Brief: Once you find the line with "Colt Python .357" in the listing below, please repeat it and every later line exactly, through the last one, without pictures.

Source records:
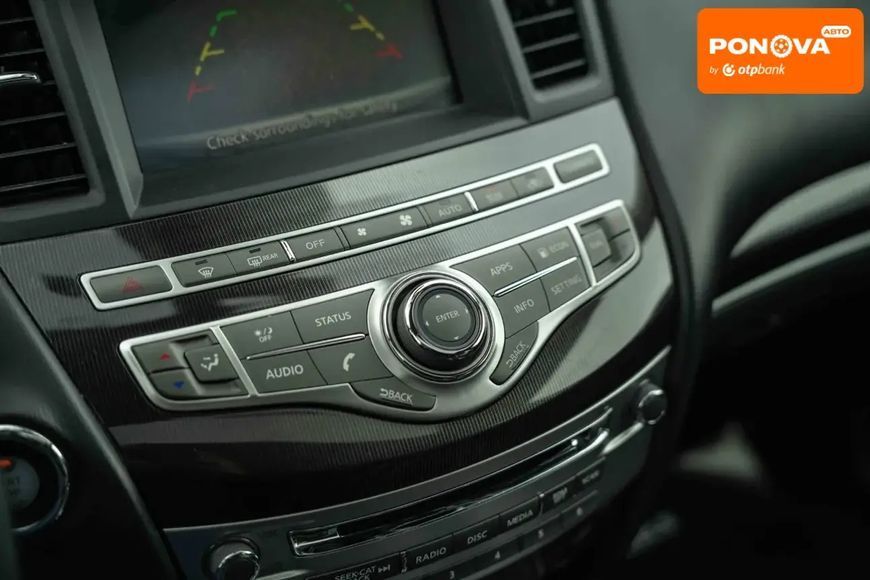 Infiniti QX60, 2018 р., Бензин, 115 тис. км, Позашляховик / Кросовер, Сірий, Чернівці AT-10418364 фото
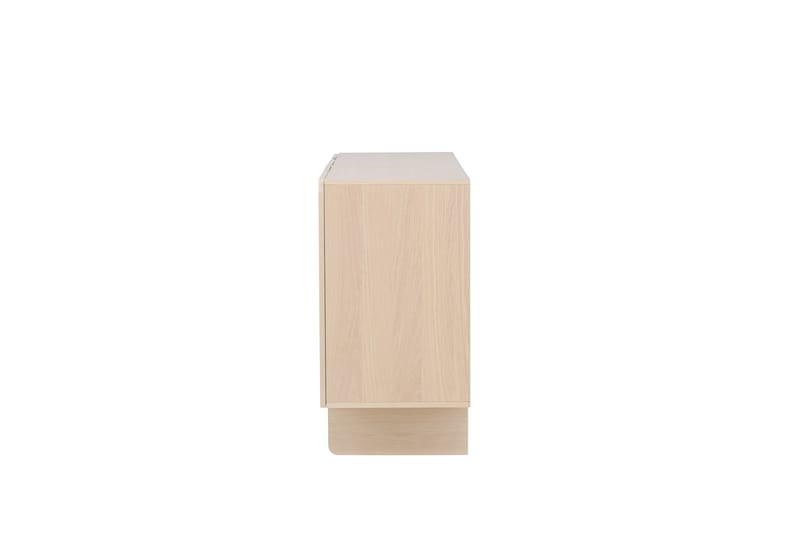 Tyresö Rektangulær Sideboard i Tre - Beige - Oppbevaring - Oppbevaringsmøbler - Sideboard & skjenker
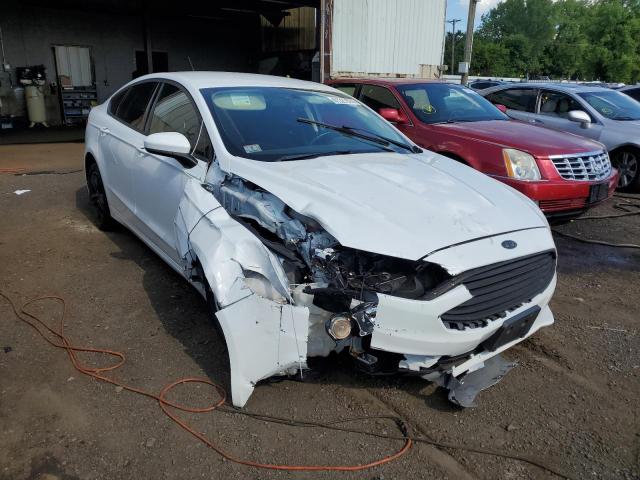 Photo 3 VIN: 3FA6P0HD6JR228055 - FORD FUSION SE 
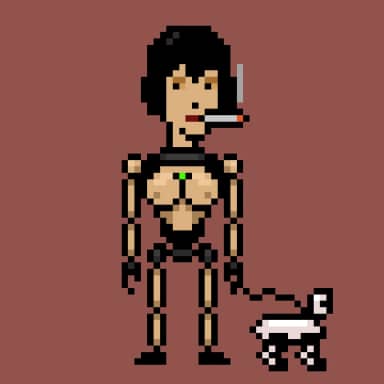 Digital Punks #3495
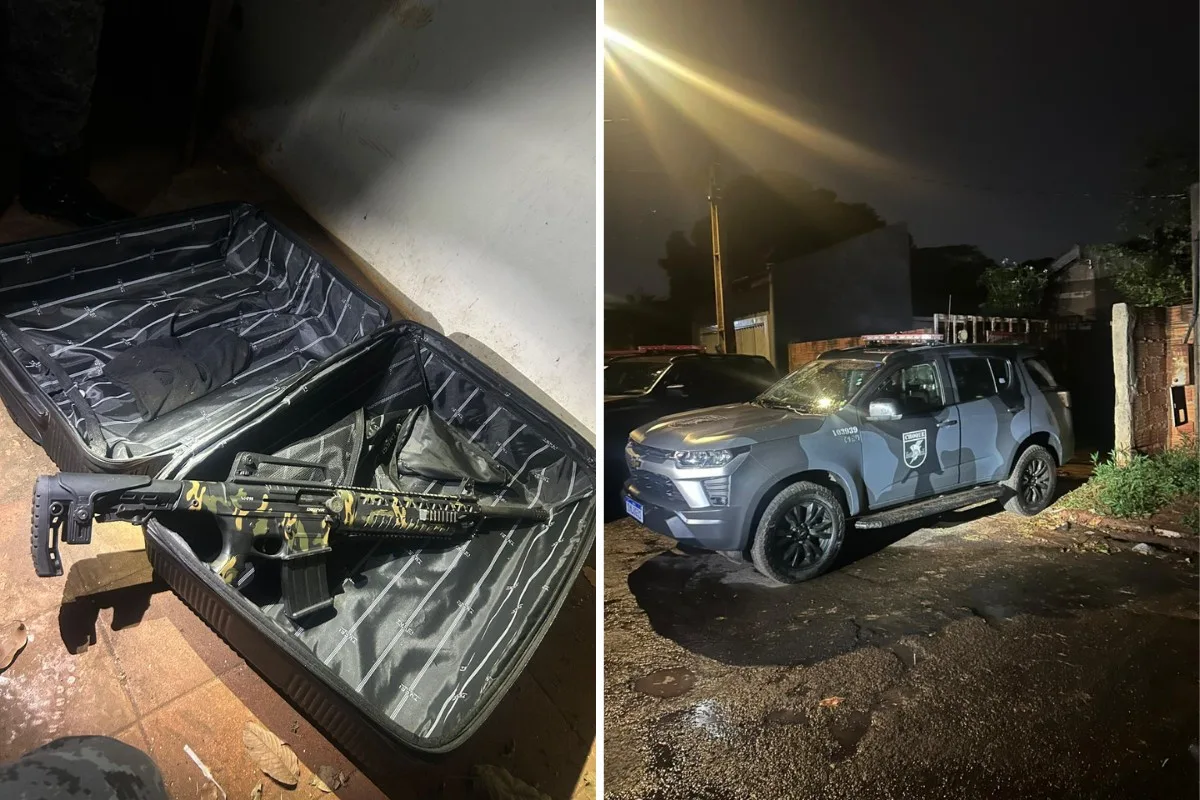 Homem de 24 anos morre em confronto com Batalhão de Choque em Campo Grande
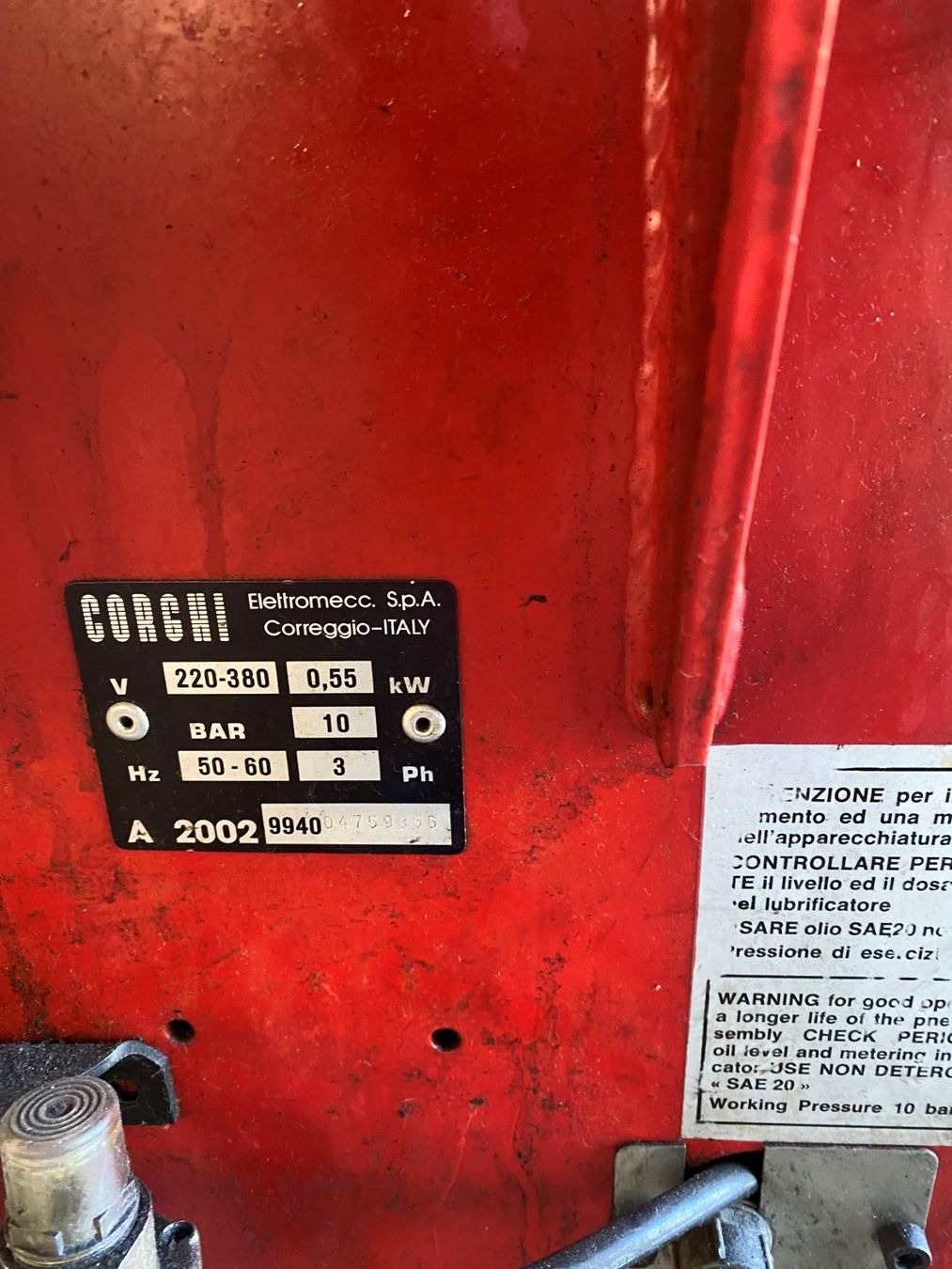 Toutes les machines: Reifenmontiermaschiene – Défectueux à Perlen par AMAG_Buchrain 5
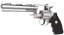 Colt Python .357 Magnum, 6 inch, ezüst, Galaxy, A&K, G.36S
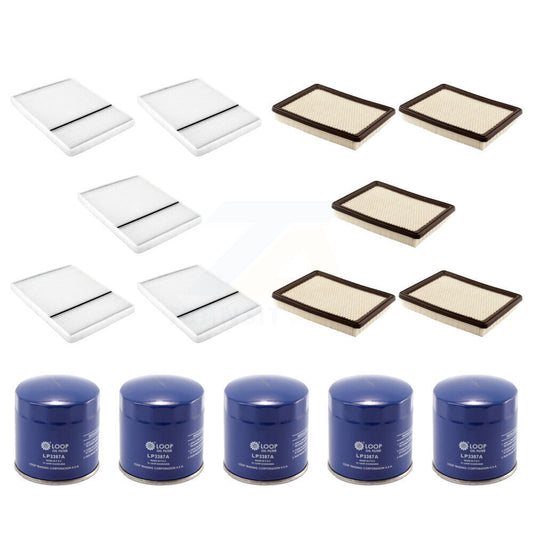 Cabin Air Filter Kit-KFM-102959 - Kit.bestparts.ca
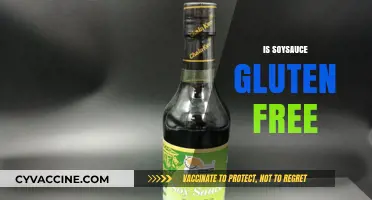Is Soy Sauce Gluten-Free? Unraveling the Truth for Celiac Diets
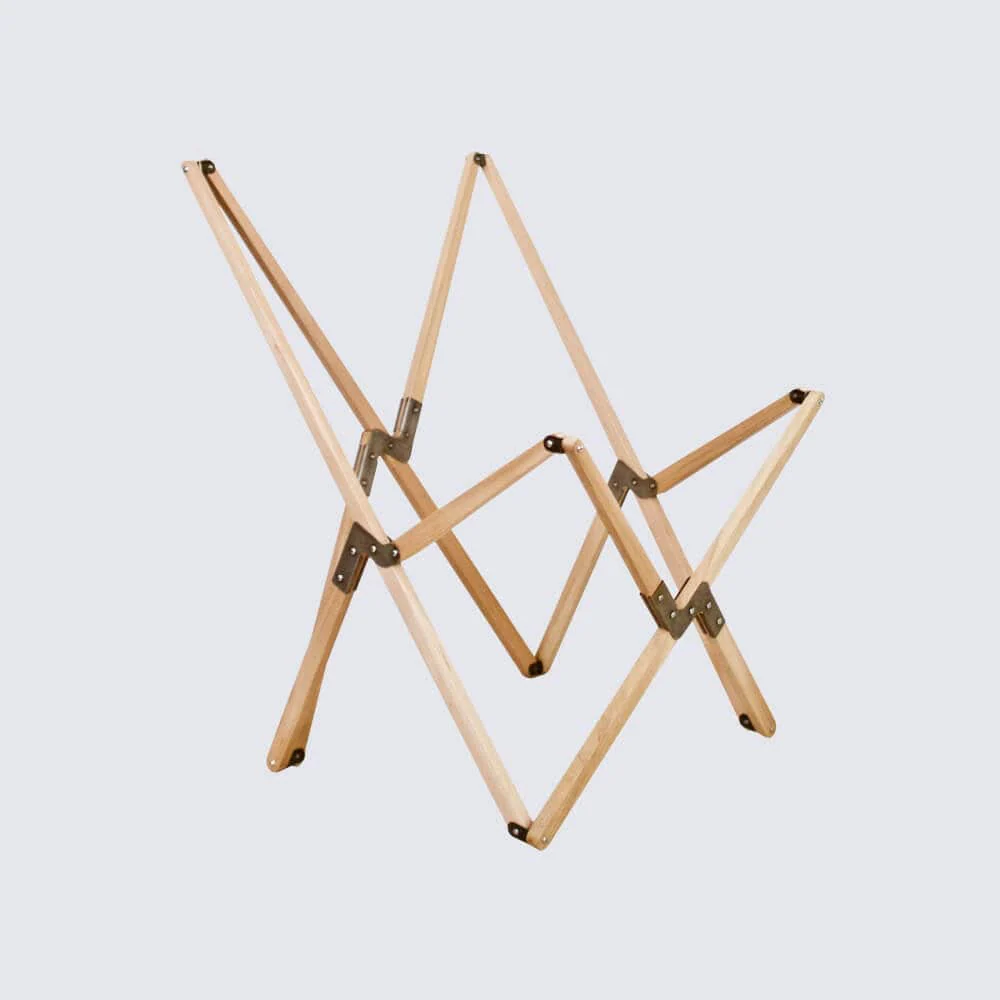 Palermo Tripolina Chair - Base Only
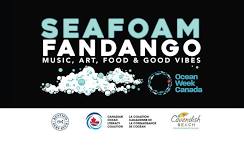 Seafoam Fandango : An Ocean Week Canada Event in North Rustico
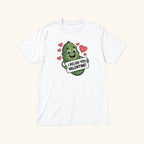 I Relish You Valentine — garment mockup or size chart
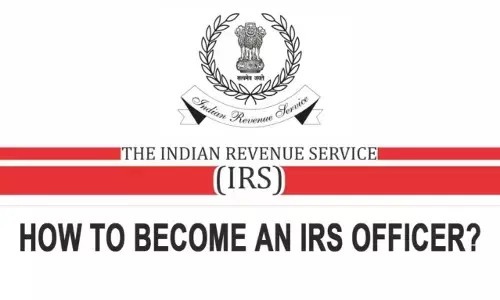 How to become an IRS (Indian Revenue Service) Officer? How to become an IRS (Indian Revenue Service) Officer?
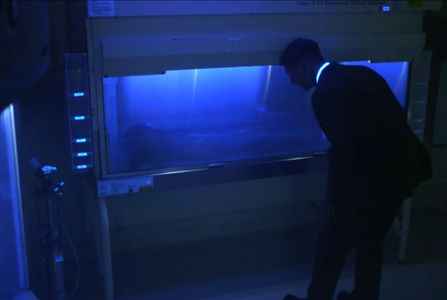 Justin Phillip in Hangar 1: The UFO Files (2014)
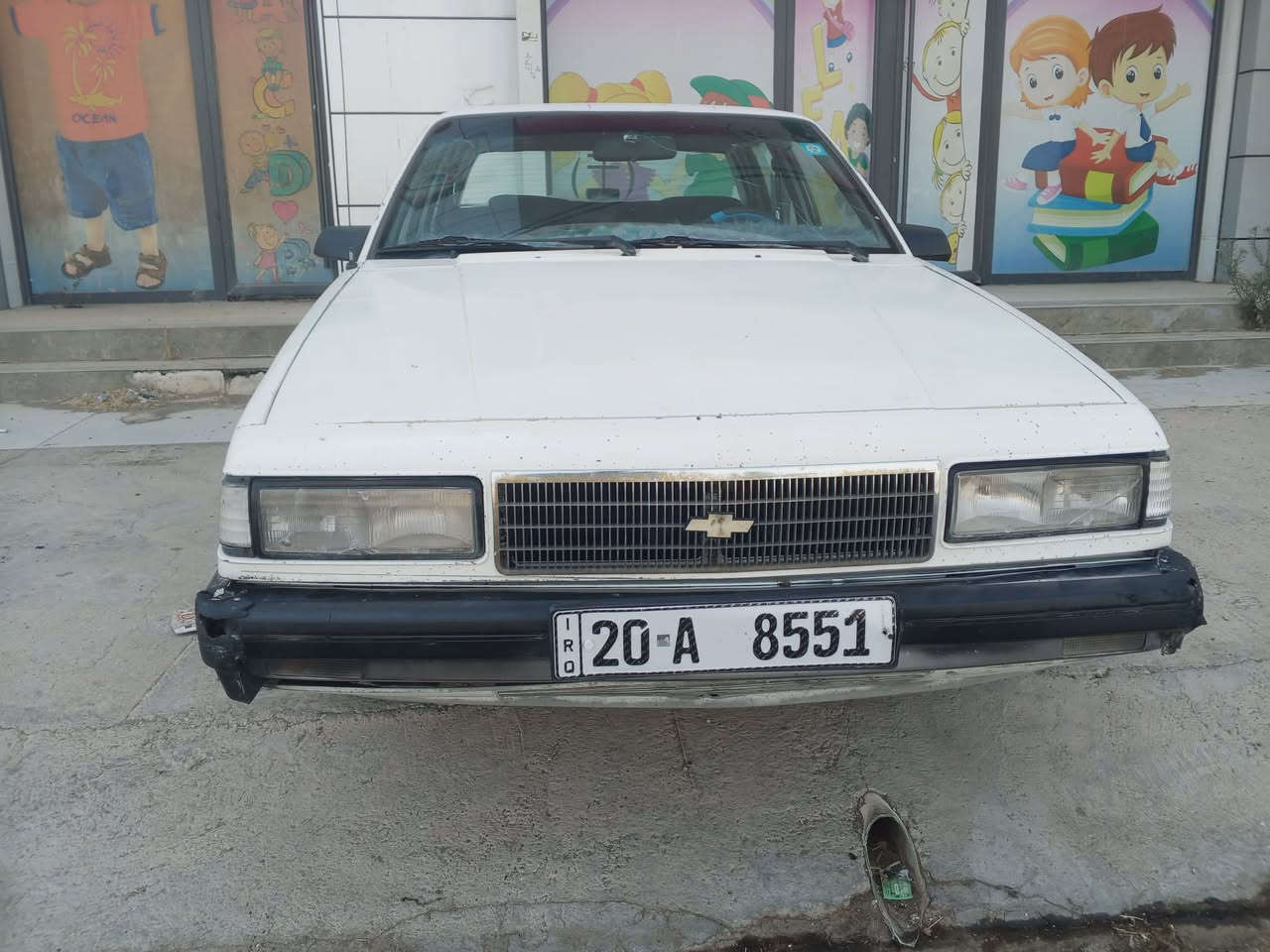 للبيع 
سلبرتي ابيض كير اتوماتيك رقم انكليزي جديد سنويه جديده بشرط الوكالة وتحويل بشرط الكير والمحرك بشرط الغرامات صدر امامي خلفي جديد لوك تخم تاير باتري جديد مسجل شاشه وسستم سمعات بوري ستيرن سياره جديده لوك ونشطه حيل مآل بيت ومال جني سعرها 23 وبيها مجال عنواني كركوك 
***********
***********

Problem solution:
 Colt Python .357 Magnum, 6 inch, ezüst, Galaxy, A&K, G.36S
 Cabin Air Filter Kit-KFM-102959 - Kit.bestparts.ca
Is Soy Sauce Gluten-Free? Unraveling the Truth for Celiac Diets
 Palermo Tripolina Chair - Base Only
 Seafoam Fandango : An Ocean Week Canada Event in North Rustico
 I Relish You Valentine — garment mockup or size chart
 How to become an IRS (Indian Revenue Service) Officer? How to become an IRS (Indian Revenue Service) Officer?
 Justin Phillip in Hangar 1: The UFO Files (2014)
 للبيع 
سلبرتي ابيض كير اتوماتيك رقم انكليزي جديد سنويه جديده بشرط الوكالة وتحويل بشرط الكير والمحرك بشرط الغرامات صدر امامي خلفي جديد لوك تخم تاير باتري جديد مسجل شاشه وسستم سمعات بوري ستيرن سياره جديده لوك ونشطه حيل مآل بيت ومال جني سعرها 23 وبيها مجال عنواني كركوك 
***********
***********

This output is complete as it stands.